Build a docker container with the Dockerfile or the remote image 991231/movie-analysis in the docker hub.


To run the clustering target, we highly recommend enabling GPU to ensure reasonable running time, since this target heavily interacts with a transformer model. Running other targets without GPU will not be an issue.


Execute the running script with the following command:

python run.py [all] [test] [download] [data] [eda] [classification] [clustering]

all target

Run data, eda, classification and clustering targets in this exact order.

test target

Runs the same 4 targets in the same order as the all target, but using the test data in test/data/raw and the test configurations.

download target

Download the CMU Movie Summary Corpus dataset and set up the data directory.

data target

Run the ETL pipeline to process the raw data. This target will run AutoPhrase to extract quality phrases, clean categories, combine the processed data into a dataframe, and generate a profile report of the dataset.

The configuration file for this target is etl.json (or etl_test.json for test target), which contains the following items:

  • data_in: the path to the input data (relative to the root)
  • false_positive_phrases: phrases to remove from the quality phrase list
  • false_positive_substrings: substrings to remove from the quality phrase list

The configuration file for the AutoPhrase submodule is autophrase.json, which contains the following items:

  • MIN_SUP: the minimum count of a phrase to include in the training process
  • MODEL: the path to the output model (relative to the root)
  • RAW_TRAIN: the path to the raw corpus for training (relative to the root)
  • TEXT_TO_SEG: the path to the raw corpus for segmentation (relative to the root)
  • THREAD: the number of threads to use

eda target

Run the EDA pipeline.

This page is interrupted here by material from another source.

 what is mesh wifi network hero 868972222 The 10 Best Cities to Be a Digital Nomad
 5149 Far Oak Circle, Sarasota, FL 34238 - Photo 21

This target will find the temporal change of quality phrase distributions and generate visualizations to show the findings.

The configuration file for this target is eda.json (or eda_test.json for test target), which contains the following items:

  • data_in: the path to the input data (relative to the root)
  • data_out: the path to the output directory (relative to the root)
  • example_movie: example movie to profile
  • year_start: the earliest year to analyze
  • year_end: the latest year to analyze
  • decade_start: the earliest decade to analyze
  • decade_end: the latest decade to analyze
  • phrase_count_threshold: the minimum count of a quality phrase to be included in the analysis
  • stop_words: the stop words to ignore in the analysis
  • compact: whether to output a full or compact visualization
  • n_bars: number of bars to display in the bar plots
  • movie_name_overflow: number of characters in visualization until ellipses
  • dpi: subplot dpi (dot per inches)
  • fps: fps (frame per second) of the bar chart race animation
  • seconds_per_period: the time each subplot will take in the bar chart race animation

classification target

Run the classification pipeline. This target will transform the data into a TF-IDF matrix, fit a one-vs-rest logistic regression as the classifier and tune the parameters if specified.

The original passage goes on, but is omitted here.